열처리에 의한 알루미늄 합금의 내식성 개선

Abstract

Aluminum is a active metal that owes its resistance to a thin, protective barrier on the oxide surface layer, which is stable in the air and neutral aqueous solution. Thus Al alloys are widely used in architectural trim, cold & hot-water storage vessels and piping. However Al and most of its alloys may be corroded with some forms such as pitting corrosion, intergranular corrosion and galvanic corrosion in case of exposure to various industrial and marine atmosphere. Therefore, some kinds of metal such as Mn, Mg, Si or Cu are added to pure Aluminium and were carried out heat treatments for improving mechanical property and corrosion resistance.

In this study, relative evaluations of corrosion resistance for three types of Al alloy (ALDC 3, ALDC 5 and ALDC 12) were carried out with electrochemical methods such as variation of corrosion potential, anodic/cathodic polarization curves, cyclic voltammogram, AC impedance, SEM photograph and Vickers hardness measurement etc. And the effect of corrosion resistance improvement by heat treatments for ALDC 12 was investigated by the electrochemical methods.

Chapter 3.1 shows the difference of electrochemical property between these three kinds of Al alloy mentioned above. It was known that corrosion potential is shifted to positive or negative direction only by alloying components regardless of corrosion resistance. Moreover the data of electrochemical properties for the corrosion resistance evaluation obtained from cathodic polarization curve, cyclic voltammogram and AC, DC impedance showed a good correspondence each other. However variation of corrosion potential, passivity current density of anodic polarization curve and corrosion current density by Tafel extrapolation and Stern-Geary method did not correspond with considerably not only each other but also the data of electrochemical properties discussed above. Therefore, it is suggested that an optimum electrochemical evaluation for corrosion resistance of Al alloys should be calculated by the diffusion limiting current density of cathodic polarization curve, impedance of AC or DC and polarization resistance of cyclic voltammogram. And from those results, ALDC 5 showed the best corrosion resistance than other Al alloys. On the contrary, its resistance of ALDC 12 was comparatively lower than those, indicating intergranular corrosion.

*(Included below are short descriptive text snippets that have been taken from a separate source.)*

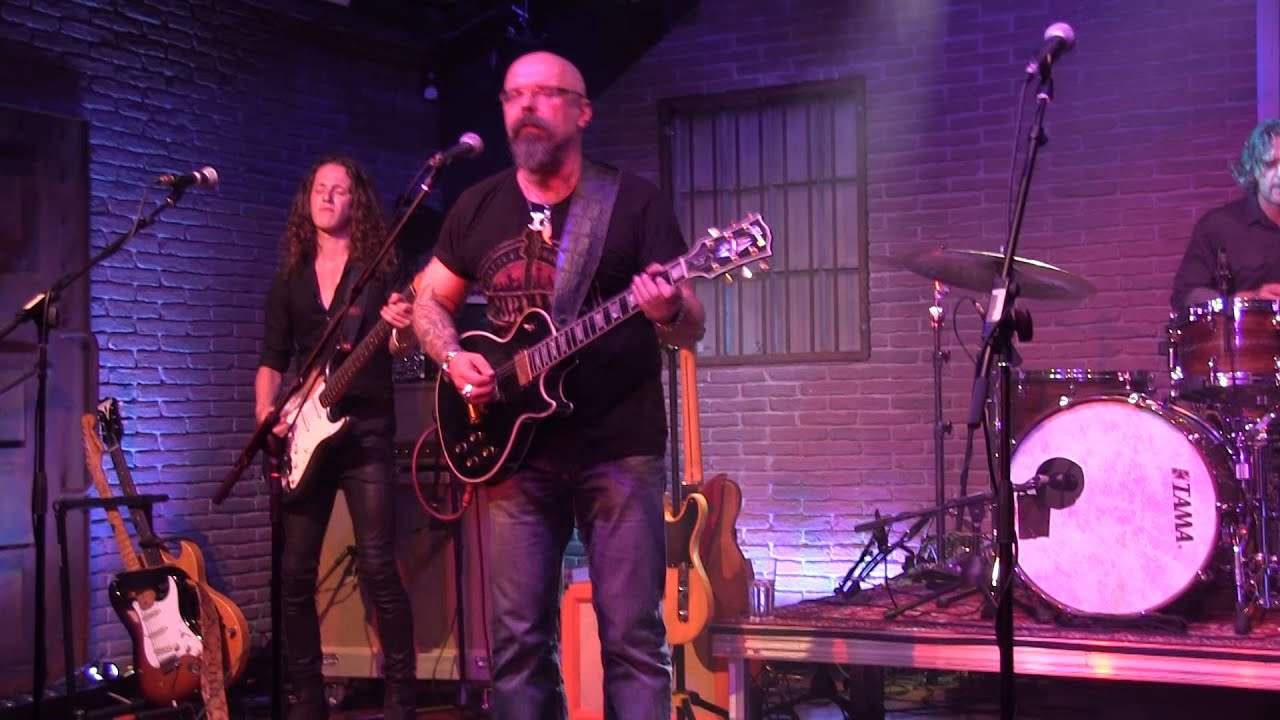 J&auml;cki Reznicek's band gives rock'n'roll show at Warwick Bass Camp 2015 &ndash; must watch it!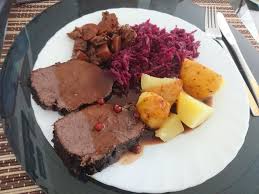 Hirschkeule In Rotwein Preiselbeer Sauce Von Christa1010 Chefkoch Rezepte Fleisch Gerichte Essen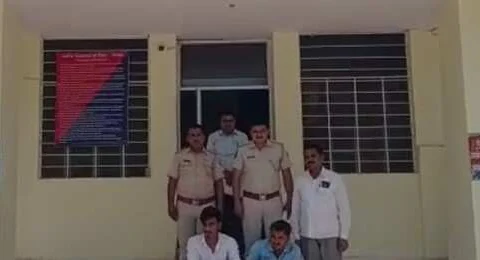 40 किलो डोडा पोस्त छीलका जब्त कर दो तस्करों को किया गिरफ्तार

Chapter 3.2 shows the effect of annealing heat treatments (annealing temperature at 100oC, 200oC, 300oC, 400oC, 500 for 1h respectively) to corrosion resistance of ALDC 12. The value of Vickers hardness was decreased through all range of annealed temperatures compared to non heat treatment. However corrosion resistance was relatively improved with annealing heat treatment. Especially, annealed at 500oC, the improving effect of corrosion resistance was the highest than other annealing temperatures without indicating intergranular corrosion. Therefore, it is suggested that optimum annealing temperature for corrosion resistance should be at 500oC. But recommendable temperature for increasing mechanical properties and corrosion resistance should be at 200oC.

Chapter 3.3 shows the effect of solution heat treatment (for 1hr at 500oC) and aging treatment (artificial aging: for 5hrs at 160oC , and natural aging: for 36hrs at room temperature) regarding corrosion resistance of ALDC 12. In case of water quenching after solution heat treatment, their Vickers hardness is relatively decreased compared to normalizing after solution heat treatment. Especially the value of Vickers hardness by natural aging after water quenching shows the lowest value. However, artificial aging after normalizing increased considerably the Vickers hardness than other heat treatments. The best optimum heat treatment for improving corrosion resistance is a natural aging after water quenching, but intergranular corrosion was observed. Intergranular corrosion could be restrained slightly by normalizing than water quenching after solution heat treatment.

Eventually it is known that ALDC 12 can be improved the corrosion resistance and the mechanical properties by heat treatments such as annealing, solution heat treatment and aging at the economical points of view.